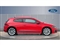 Volkswagen Scirocco Image 5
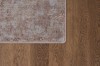 ISFAHAN_AHLA_wrzosowy_heather_2,00x3,00_R-medium.jpg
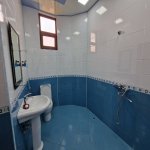 Продажа 4 комнат Дома/Виллы, Масазыр, Абшерон район 14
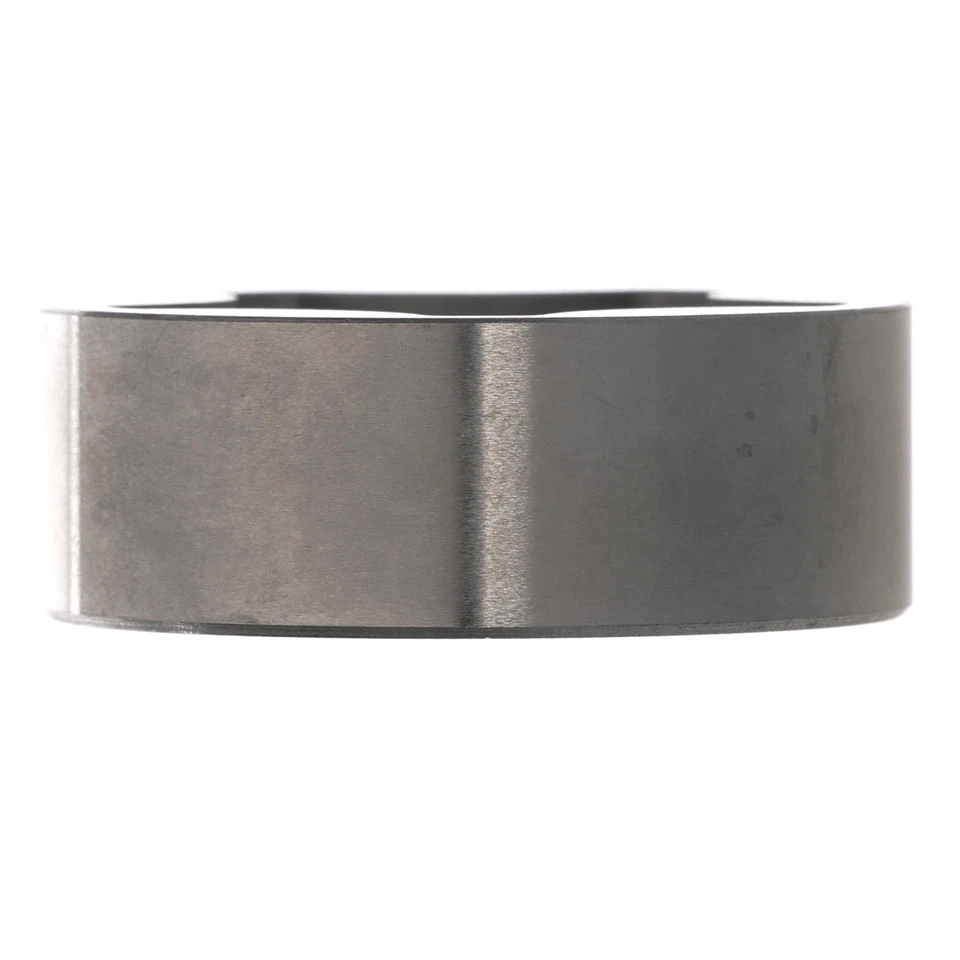 NEW OEM 1987-1994 Subaru Justy Engine Oil Pump Outer Rotor Gear 424185610 - Image 3 of 4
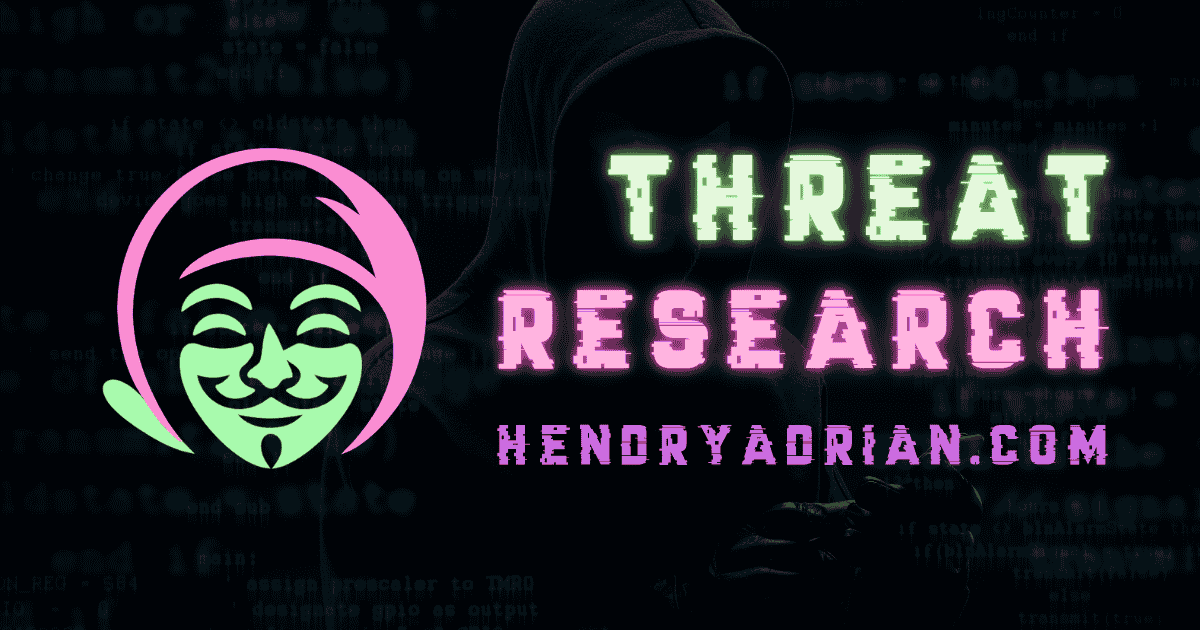 TweetThreatNews's tweet card. The campaign used compromised internal email and a spoofed Teams page to trick Israeli victims into running a multi-stage, fully PowerShell-based loader that delivered a PowerShell RAT. The malware...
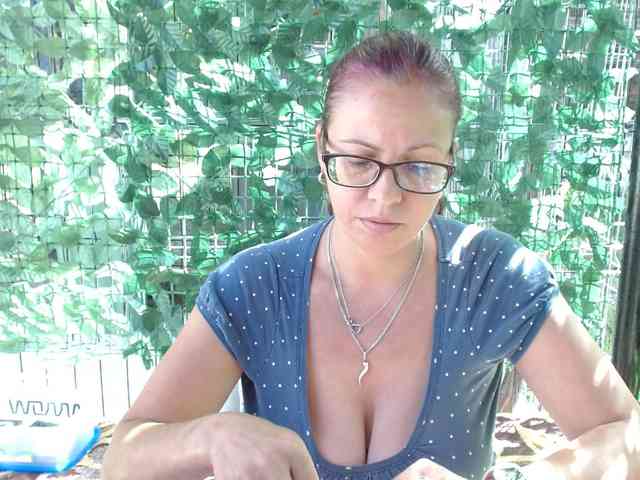 LadyHellene
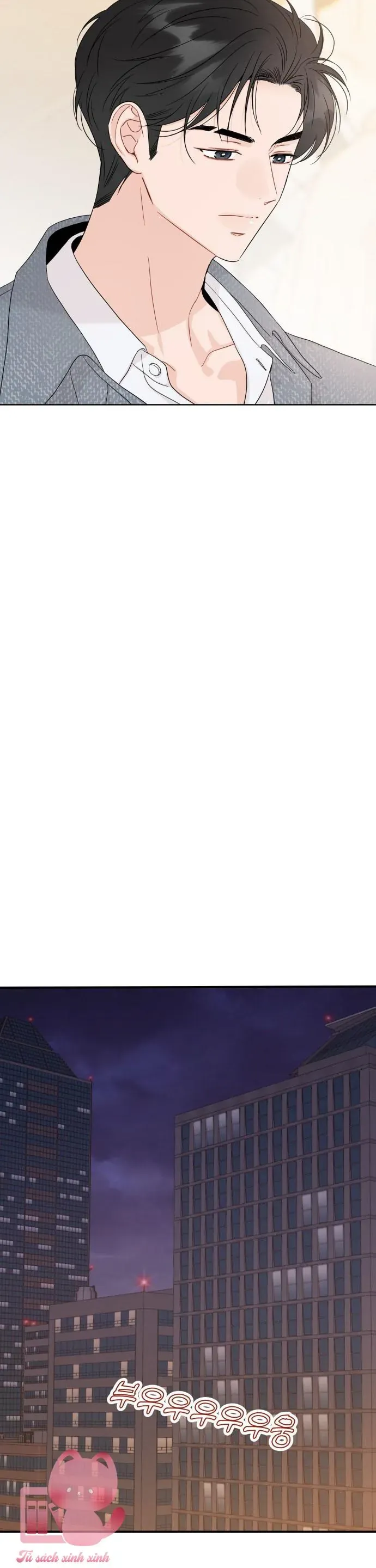 Người Một Nhà - Chương 132 - Trang 15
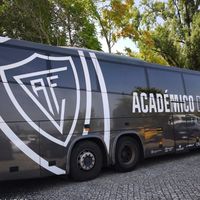 bom.dia428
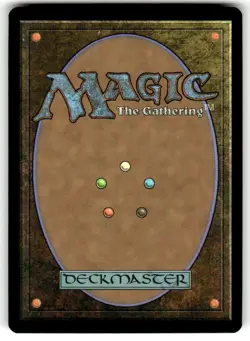 Narset, Parter of Veils War of the Spark Regular MTG - Image 2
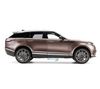  Mô hình xe Land Rover Range Rover Velar 1:18 LCD 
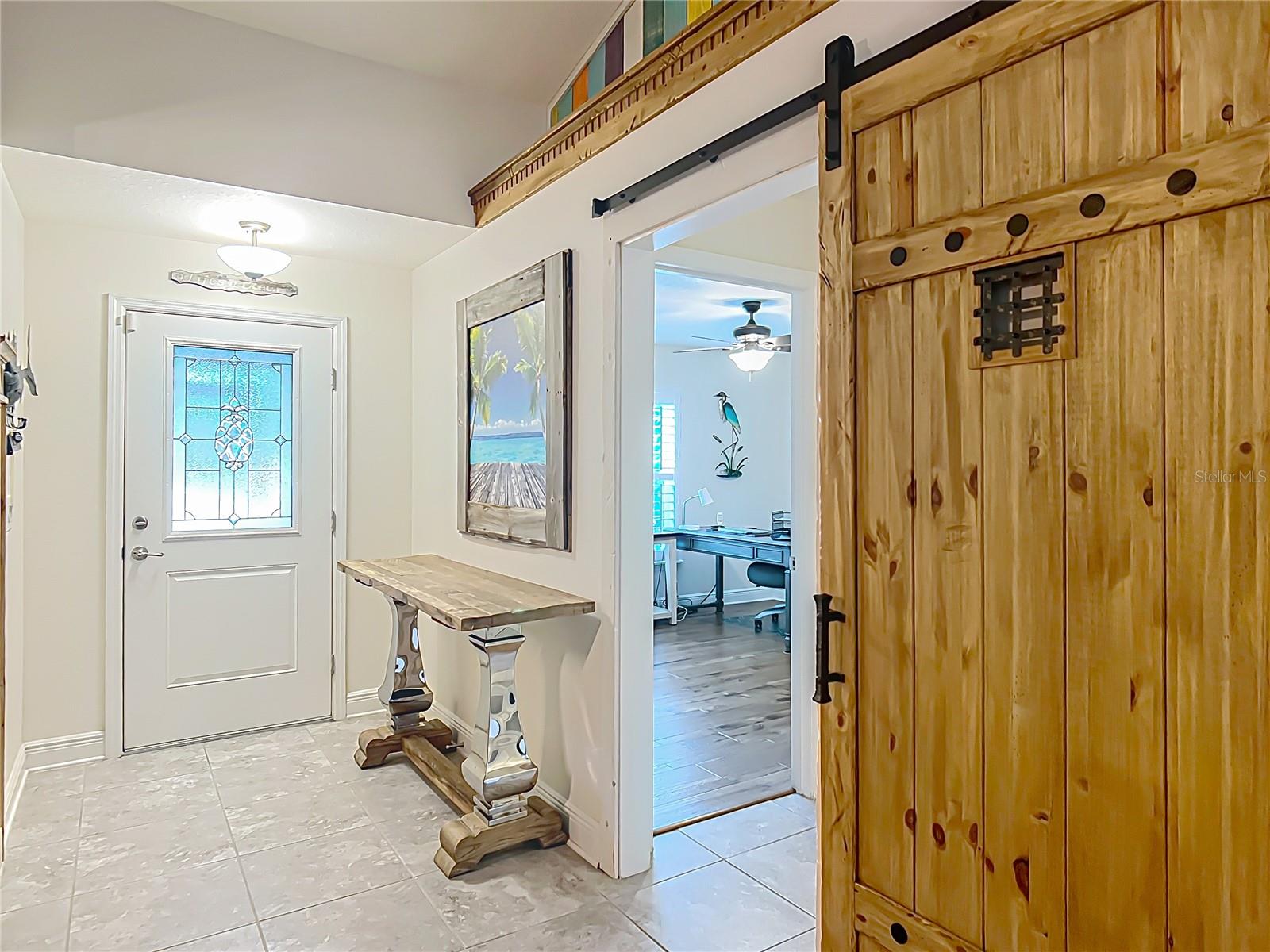 Image 9 of 62 For 13111 Precept Way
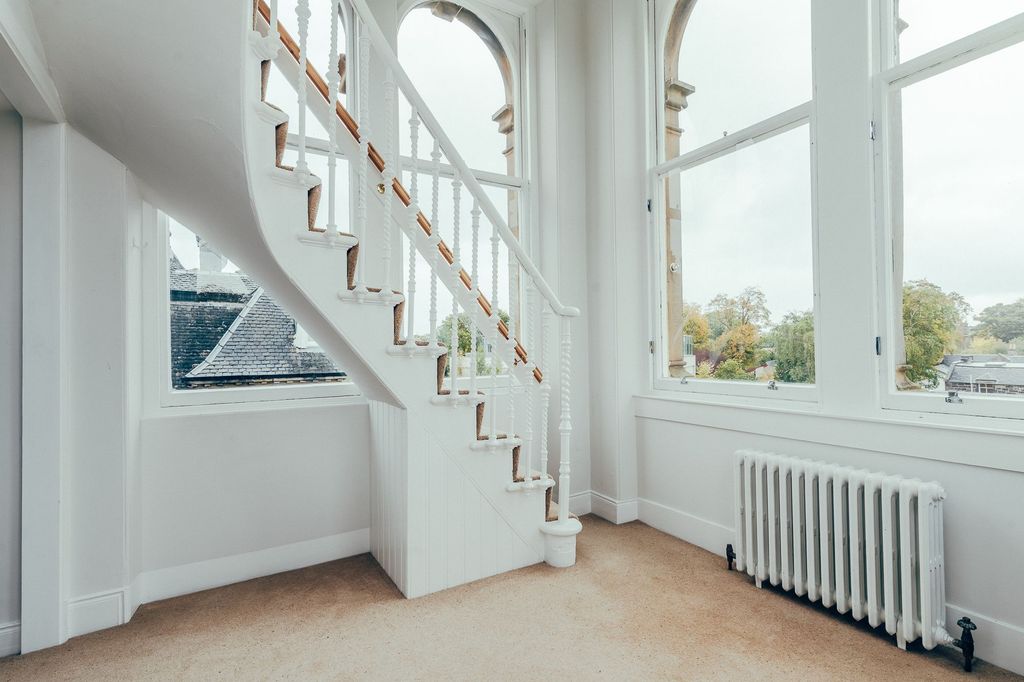 Additional image 15 of 5 bed flat for saleSpylaw Road, Edinburgh EH10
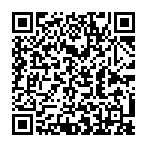 www.house-info.idv.tw房屋網-林邊法拍農舍,林邊法拍農舍公告,林邊法拍農舍資訊-QRCode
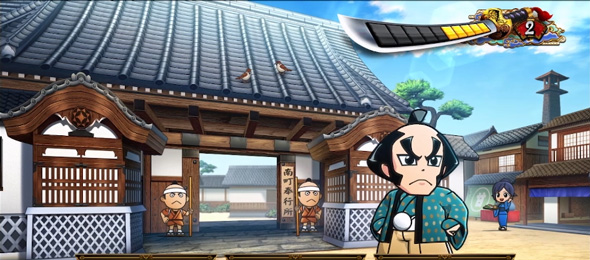 真打 吉宗 かんたん初打講座 通常時のゲーム性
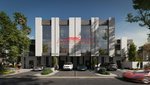 3 bedrooms Villa in Dubai Land, UAE No. 6853 - Image 8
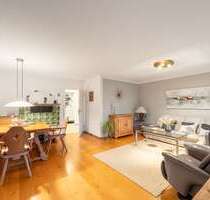 Haus zum Kaufen in Unterschleißheim 715.000,00 € 120.08 m²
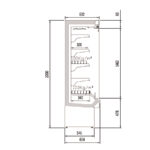 https://donbar.es/wp-content/uploads/2025/12/Mural-Refrigerado-Inoxidable-para-Lacteos-sin-Puertas-4-Estantes-Evaporador-Ventilado-Serie-CEDAR-685x654x2000h-mm-DS0-06-I-M2-Docrilucdd.jpg
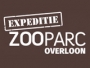 logo ZooParc Overloon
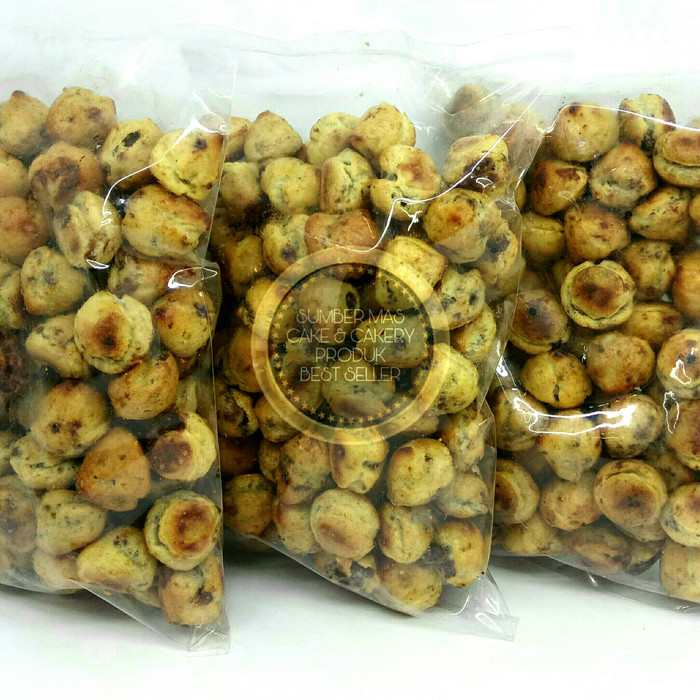 SUS COKLAT 1 KG / SOES COKLAT/ SUS COKELAT LUMER / SUS GG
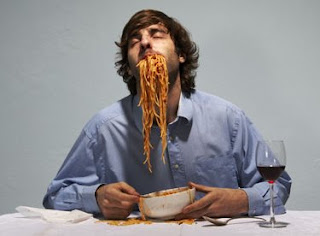 spaghetti+eater.jpg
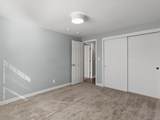 6377 Jamison Circle - Photo 28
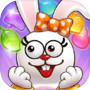 Bunny Crush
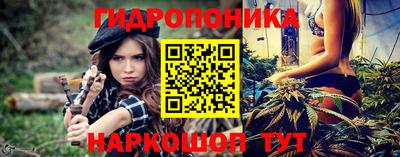 герыч Гагарин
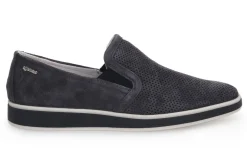 IGI & CO BETTO JEANS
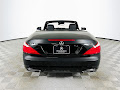 2014 Mercedes-Benz SL-Class SL 65 AMG®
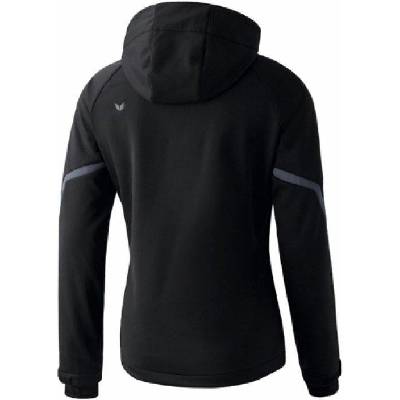 Softshell Active Wear Jacket Wmns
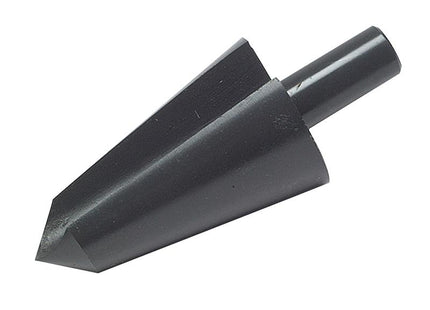 HALLS Cc 3 Conecut High Speed Steel Sheet & Tube Drill 25-40Mm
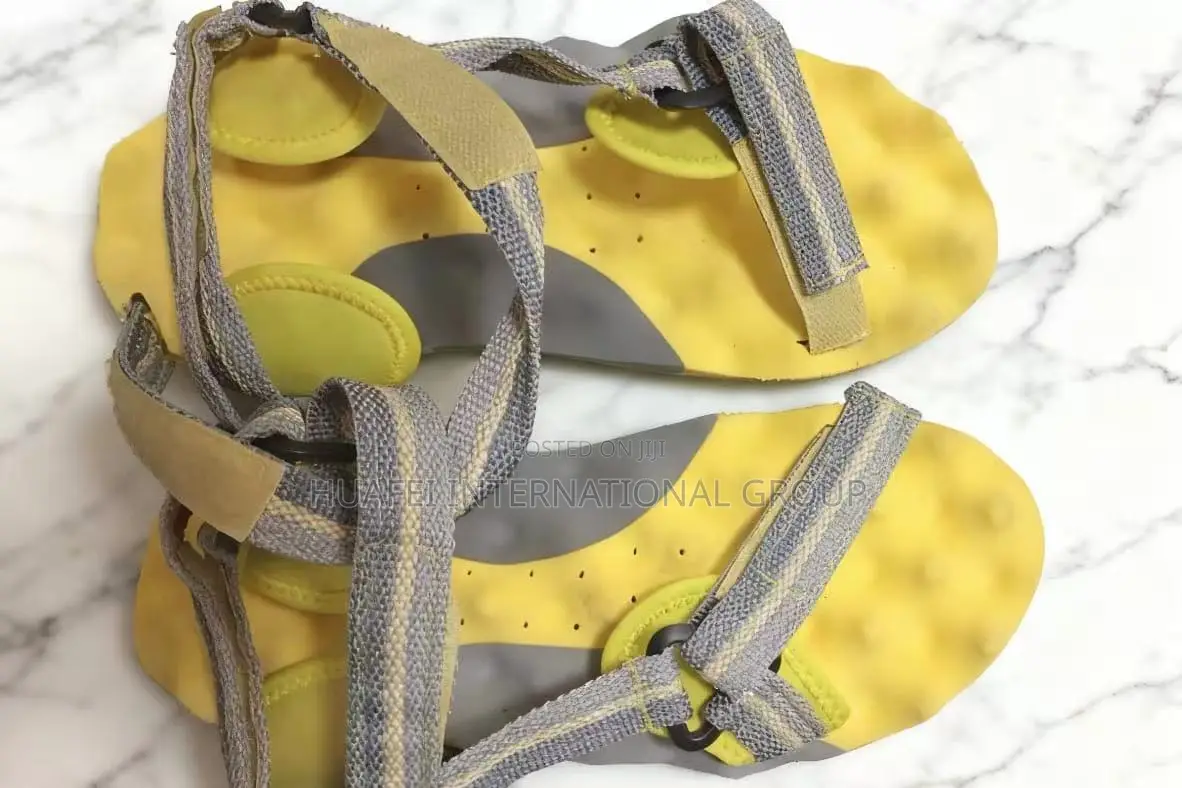 Outdoor Sandals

▬▬▬▬▬▬▬▬▬▬

## TASK DESCRIPTION:
Your copy should hold every entry exactly as written, but none of the pictures.

## ANSWER SECTION:
 Volkswagen Scirocco Image 5
 ISFAHAN_AHLA_wrzosowy_heather_2,00x3,00_R-medium.jpg
 Продажа 4 комнат Дома/Виллы, Масазыр, Абшерон район 14
 NEW OEM 1987-1994 Subaru Justy Engine Oil Pump Outer Rotor Gear 424185610 - Image 3 of 4
 TweetThreatNews's tweet card. The campaign used compromised internal email and a spoofed Teams page to trick Israeli victims into running a multi-stage, fully PowerShell-based loader that delivered a PowerShell RAT. The malware...
 LadyHellene
 Người Một Nhà - Chương 132 - Trang 15
 bom.dia428
 Narset, Parter of Veils War of the Spark Regular MTG - Image 2
  Mô hình xe Land Rover Range Rover Velar 1:18 LCD 
 Image 9 of 62 For 13111 Precept Way
 Additional image 15 of 5 bed flat for saleSpylaw Road, Edinburgh EH10
 www.house-info.idv.tw房屋網-林邊法拍農舍,林邊法拍農舍公告,林邊法拍農舍資訊-QRCode
 真打 吉宗 かんたん初打講座 通常時のゲーム性
 3 bedrooms Villa in Dubai Land, UAE No. 6853 - Image 8
 Haus zum Kaufen in Unterschleißheim 715.000,00 € 120.08 m²
 https://donbar.es/wp-content/uploads/2025/12/Mural-Refrigerado-Inoxidable-para-Lacteos-sin-Puertas-4-Estantes-Evaporador-Ventilado-Serie-CEDAR-685x654x2000h-mm-DS0-06-I-M2-Docrilucdd.jpg
 logo ZooParc Overloon
 SUS COKLAT 1 KG / SOES COKLAT/ SUS COKELAT LUMER / SUS GG
 spaghetti+eater.jpg
 6377 Jamison Circle - Photo 28
 Bunny Crush
 герыч Гагарин
 IGI & CO BETTO JEANS
 2014 Mercedes-Benz SL-Class SL 65 AMG®
 Softshell Active Wear Jacket Wmns
 HALLS Cc 3 Conecut High Speed Steel Sheet & Tube Drill 25-40Mm
 Outdoor Sandals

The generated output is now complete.